Meeting the voters: Manuel Perez, center, has a photo taken with Democrats of the DesertCATHEDRAL CITY – The 80th Assembly District promises an interesting Democratic primary here this June, as exemplified by the slight tensions on display last Saturday at a party gathering.
The Coachella Valley’s Democrats of the Desert held their April meeting Saturday morning at the new senior center in Cathedral City, where city councilman Greg Pettis came to discuss his primary run with the 60 or so attendees. Making an unscheduled appearance was his main primary rival, Coachella school member Manuel Perez, who had a campaign staffer in the audience.
At the two-hour meeting’s end, Perez gave a short speech, as did Pettis. Then they both worked the departing crowd.
The 80th Assembly District has two-thirds of its voters in Riverside County and one-third in Imperial County in a 10,000-square mile total area stretching to the U.S.-Mexico border. The moderate GOP incumbent Bonnie Garcia is termed out this year and is supporting Republican and ex-Palm Springs police chief Gary Jeandron.
Jeandron has no GOP primary challengers but it is a four-way fight to win this June’s Democratic primary. Pettis and Perez and their precinct-walking/phone-banking volunteers are competing most visibly, followed by two lesser-known Imperial County candidates, Wells Fargo executive Rick Gonzales of El Centro and Calexico orthodontist Richard Gutierrez. With three Hispanics and one white candidate, Perez could lose enough votes to his two Hispanic rivals to see Pettis win.

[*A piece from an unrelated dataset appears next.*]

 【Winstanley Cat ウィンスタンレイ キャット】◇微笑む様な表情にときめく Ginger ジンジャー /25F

Greg PettisBut can a gay Cathedral City politician such as Pettis pick up enough Imperial County votes in the general election to beat the GOP’s straight-out-of-central-casting Jeandron? Pettis pointed to Palm Springs’ gay, African-American, ex-mayor Ron Oden winning Imperial County in the 80th’s ‘06 primary. However Oden did not secure enough Riverside County votes to beat primary winner Steve Clute, whom Garcia defeated.

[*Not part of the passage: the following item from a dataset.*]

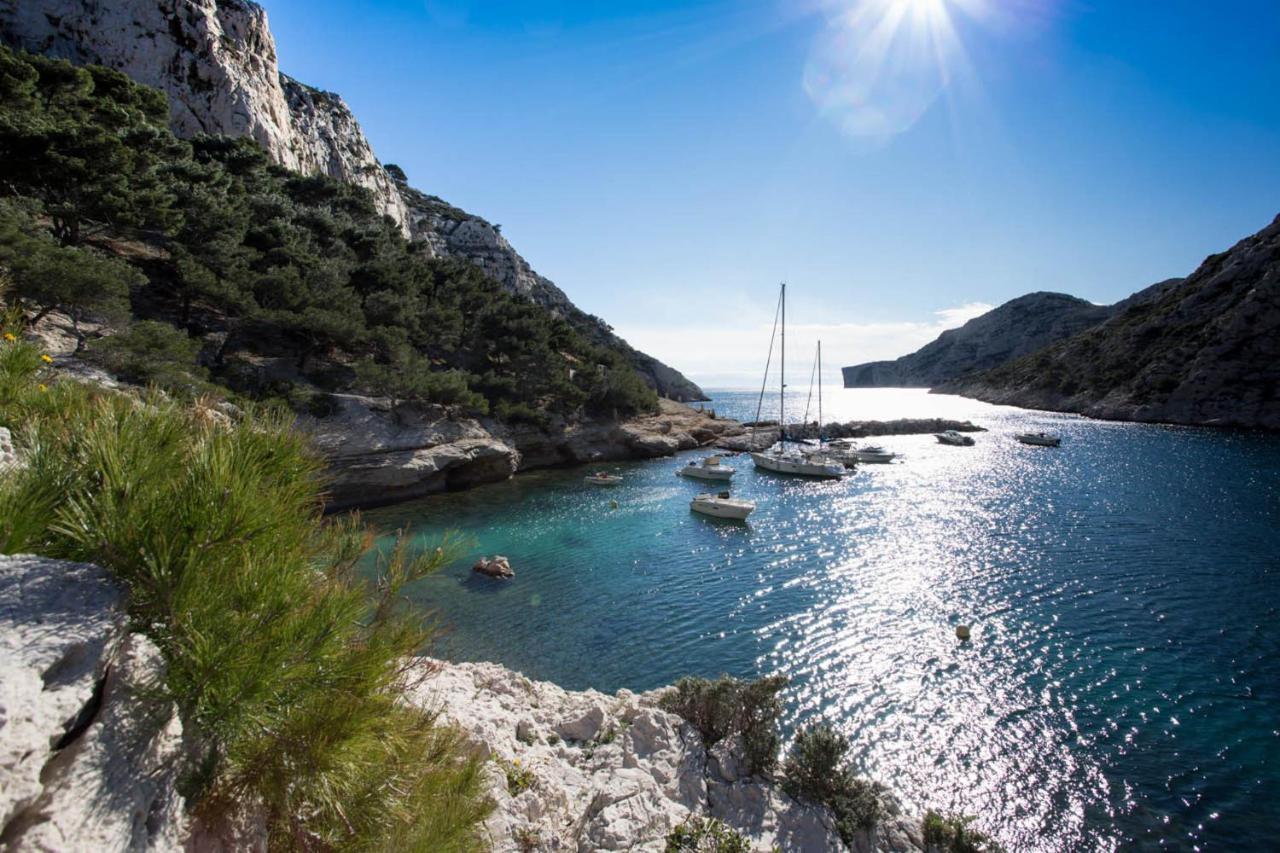 La Chambre Des Calanques Марсель Екстер'єр фото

The district votes conservatively but has more registered Democrats, with Perez banking on a bilingual push.
“Bonnie (Garcia) would go out and deliver her message in both languages,” he said. “I can deliver the message in both languages.”
Pettis lost in the 2002 primary. He does not accept his three rivals' logic that thanks to Bonnie Garcia’s surname, the 80th permanently is Hispanic.
“They’re trying to say that this is a Latino seat and only a Latino can win it,” Pettis said, adding that his city council race was won in a Cathedral City which is now 53% Hispanic. “My strongest precincts have always been the Hispanic precincts.”